Your job is to retype all of the data word for word, leaving every image out.

########################################

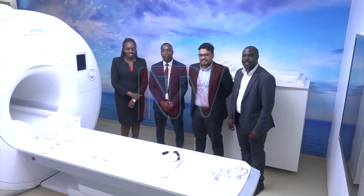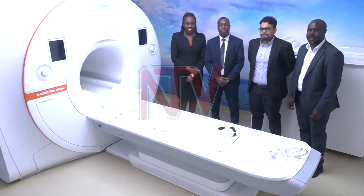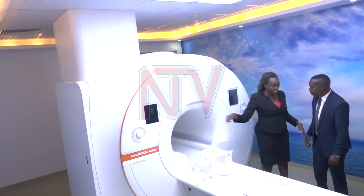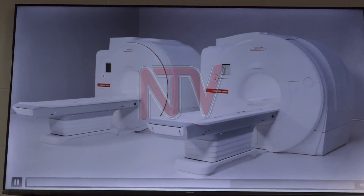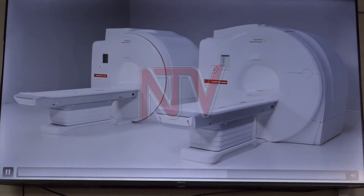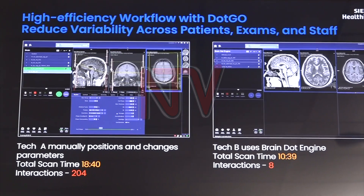The 1.5 Tesla Magnetom Altera, also known as an MRI machine, is vital for early diagnosis, potentially saving millions by reducing the need for costly overseas referrals. By offering advanced local diagnostics, it benefits both patients and the national healthcare budget.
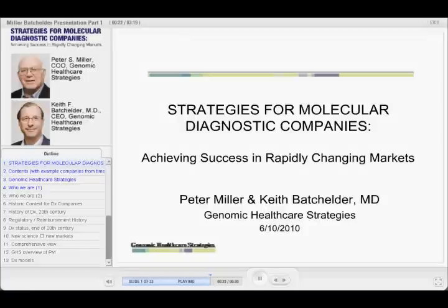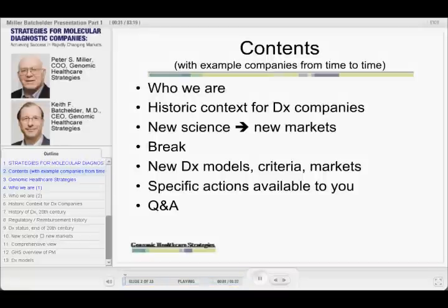We're going to be talking today, as it says here, about strategies for molecular diagnostic companies. We've got who we are, historic context for diagnostic companies — what the past has been like, especially before 2000 and the advent of genomics. Then we'll spend a fair amount of time on how the new science, we think, will have effects and create new markets.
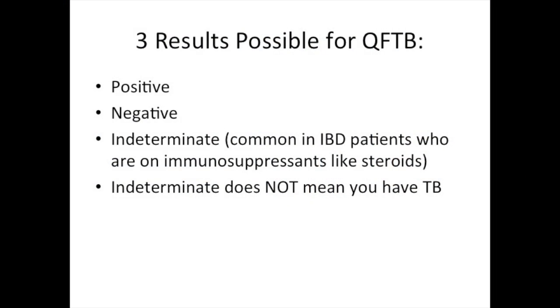The Quantiferon TB test has three possible results. First, a negative result, meaning you have had no previous exposure to tuberculosis. Second, a positive result, meaning you've been exposed and will need to be referred to an infectious disease specialist. And third, an indeterminate result, meaning it wasn't positive or negative. In IBD patients, especially those taking steroids, it is not uncommon to get an indeterminate result.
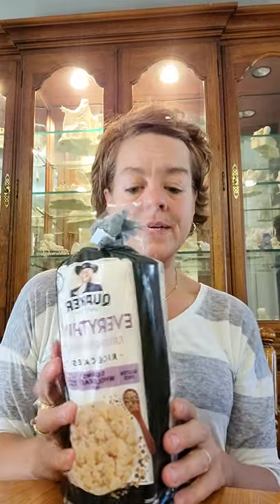Then we have my favorite ones — the Quaker Rice Cakes. I've never tried the Everything ones, so we're going to give that a shot. One cake is 50 calories with 9 carbs, 0 sugars, and less than 1 gram of protein. The corn cakes have a little bit of protein, but these, not so much. But these have very good taste, so let's give it a try.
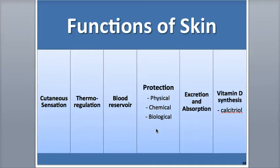Melanin blocks ultraviolet radiation from sunlight, which helps minimize damage to the DNA. We also have the immune role provided by the Langerhans cells, also called the intraepidermal macrophages, that let the immune system know when microbes enter the epidermis so other phagocytes can destroy them.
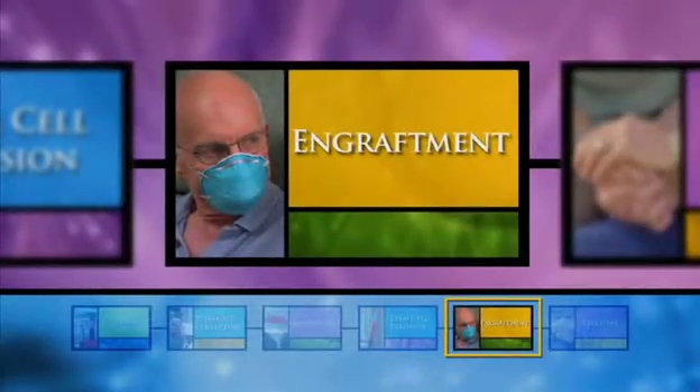Ideally, after your stem cell infusion, the stem cells will begin moving into your bone marrow and engraftment will begin. In the coming weeks, your blood will be checked frequently to see how many blood cells they are producing. In the next chapter, we'll talk about how to protect your health and cope with side effects during this time.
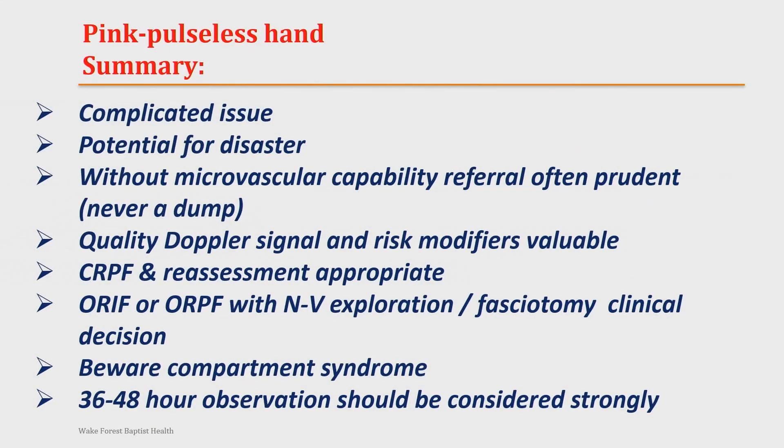In summary, this is a complicated issue with real potential for disaster. Without microvascular capability, referral is often prudent — and this is never a dump. Many patients are referred to vascular surgery, who then sends them to orthopedics. The quality of the Doppler signal is absolutely the easiest thing to do, and it will guide your treatment. Open reduction with nerve and vascular exploration is quite reasonable. Don't send them home that night — keep them 36 to 48 hours.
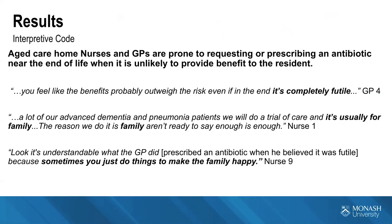We discovered that aged care home nurses and GPs are prone to requesting or prescribing an antibiotic near the end of life when it's unlikely to provide a benefit. One GP said: 'You feel like the benefits probably outweigh the risk even if in the end it's completely futile.' A nurse said: 'A lot of our advanced dementia pneumonia patients will do a trial of care, and it's usually for the family — the reason we do it is because the family aren't ready to say enough is enough.'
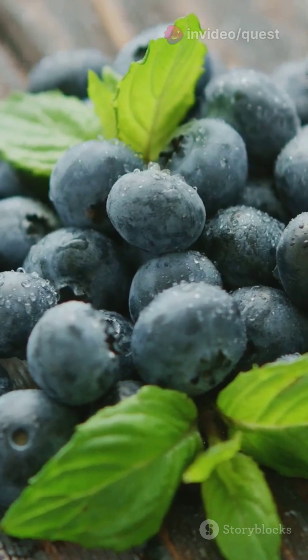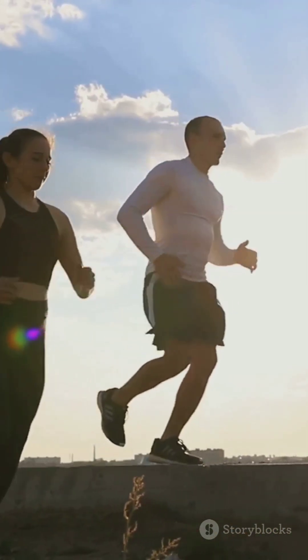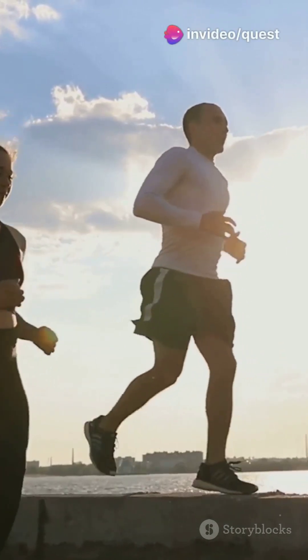Next, exercise. Regular physical activity not only helps in managing overall diabetes, but also promotes the health of your beta cells by reducing stress and inflammation.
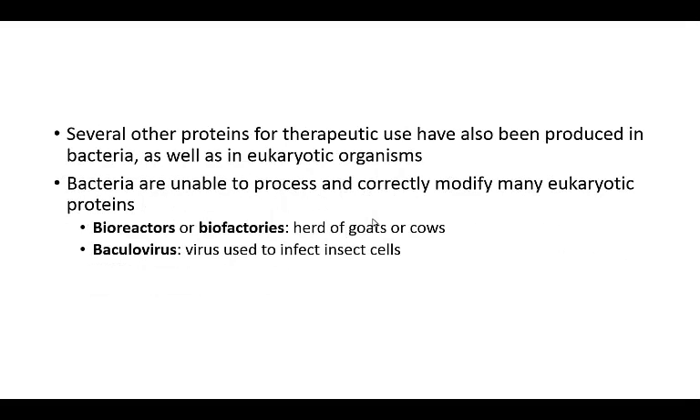Several other proteins for therapeutic uses are also produced in bacteria, as well as in eukaryotic organisms. The catch is that while bacteria are useful for some, a lot of these eukaryotic proteins they're unable to process or correctly modify. So for those we'll have to use other things — things like bioreactors, like literally a herd of goats or cows. Maybe we can get it so it's expressed in their milk, so you could have a glass of milk and get your antibodies to whatever virus.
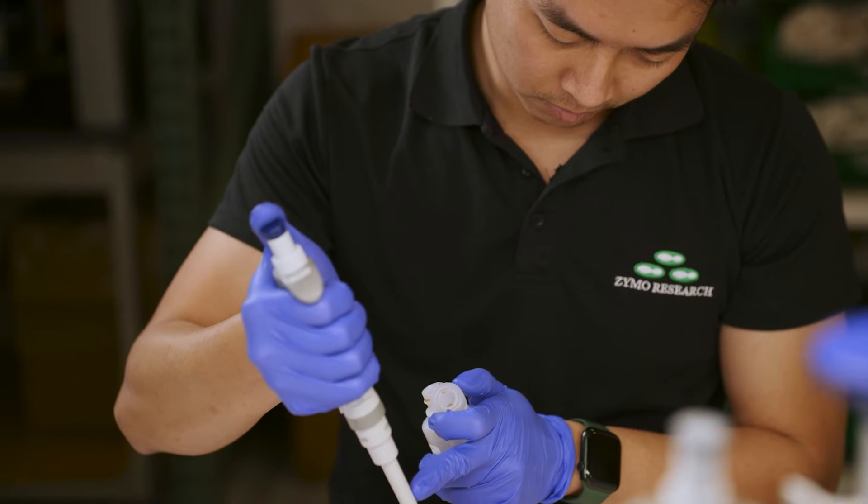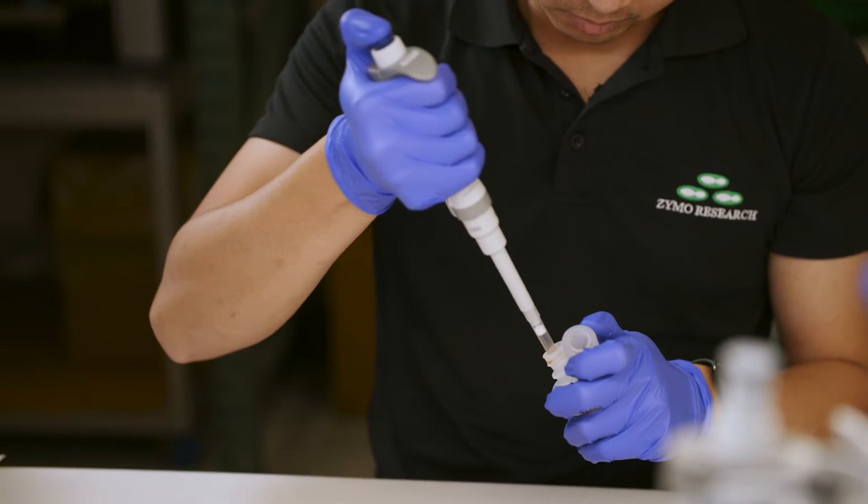My name is Keith Boer. I'm the Director of Research Services here at Zymo Research. The lab supports genomics research, epigenomics, microbiome research, and gene expression. Through better understanding, we can develop specific treatments to improve human health.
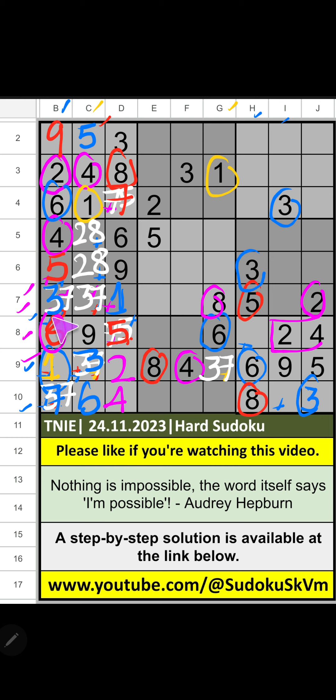Then 4th grid, only 1 number is remaining: 7. 7 is confirmed here. Then 9th grid, 2 numbers are remaining: 1 and 7. 10th row, we have 7. So, 7 can't come in these cells — 7 is confirmed here. Then 1 is here.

########################################

• [SOLUTION FOR THIS TASK]:
The 1.5 Tesla Magnetom Altera, also known as an MRI machine, is vital for early diagnosis, potentially saving millions by reducing the need for costly overseas referrals. By offering advanced local diagnostics, it benefits both patients and the national healthcare budget.
We're going to be talking today, as it says here, about strategies for molecular diagnostic companies. We've got who we are, historic context for diagnostic companies — what the past has been like, especially before 2000 and the advent of genomics. Then we'll spend a fair amount of time on how the new science, we think, will have effects and create new markets.
The Quantiferon TB test has three possible results. First, a negative result, meaning you have had no previous exposure to tuberculosis. Second, a positive result, meaning you've been exposed and will need to be referred to an infectious disease specialist. And third, an indeterminate result, meaning it wasn't positive or negative. In IBD patients, especially those taking steroids, it is not uncommon to get an indeterminate result.
Then we have my favorite ones — the Quaker Rice Cakes. I've never tried the Everything ones, so we're going to give that a shot. One cake is 50 calories with 9 carbs, 0 sugars, and less than 1 gram of protein. The corn cakes have a little bit of protein, but these, not so much. But these have very good taste, so let's give it a try.
Melanin blocks ultraviolet radiation from sunlight, which helps minimize damage to the DNA. We also have the immune role provided by the Langerhans cells, also called the intraepidermal macrophages, that let the immune system know when microbes enter the epidermis so other phagocytes can destroy them.
Ideally, after your stem cell infusion, the stem cells will begin moving into your bone marrow and engraftment will begin. In the coming weeks, your blood will be checked frequently to see how many blood cells they are producing. In the next chapter, we'll talk about how to protect your health and cope with side effects during this time.
In summary, this is a complicated issue with real potential for disaster. Without microvascular capability, referral is often prudent — and this is never a dump. Many patients are referred to vascular surgery, who then sends them to orthopedics. The quality of the Doppler signal is absolutely the easiest thing to do, and it will guide your treatment. Open reduction with nerve and vascular exploration is quite reasonable. Don't send them home that night — keep them 36 to 48 hours.
We discovered that aged care home nurses and GPs are prone to requesting or prescribing an antibiotic near the end of life when it's unlikely to provide a benefit. One GP said: 'You feel like the benefits probably outweigh the risk even if in the end it's completely futile.' A nurse said: 'A lot of our advanced dementia pneumonia patients will do a trial of care, and it's usually for the family — the reason we do it is because the family aren't ready to say enough is enough.'
Next, exercise. Regular physical activity not only helps in managing overall diabetes, but also promotes the health of your beta cells by reducing stress and inflammation.
Several other proteins for therapeutic uses are also produced in bacteria, as well as in eukaryotic organisms. The catch is that while bacteria are useful for some, a lot of these eukaryotic proteins they're unable to process or correctly modify. So for those we'll have to use other things — things like bioreactors, like literally a herd of goats or cows. Maybe we can get it so it's expressed in their milk, so you could have a glass of milk and get your antibodies to whatever virus.
My name is Keith Boer. I'm the Director of Research Services here at Zymo Research. The lab supports genomics research, epigenomics, microbiome research, and gene expression. Through better understanding, we can develop specific treatments to improve human health.
Then 4th grid, only 1 number is remaining: 7. 7 is confirmed here. Then 9th grid, 2 numbers are remaining: 1 and 7. 10th row, we have 7. So, 7 can't come in these cells — 7 is confirmed here. Then 1 is here.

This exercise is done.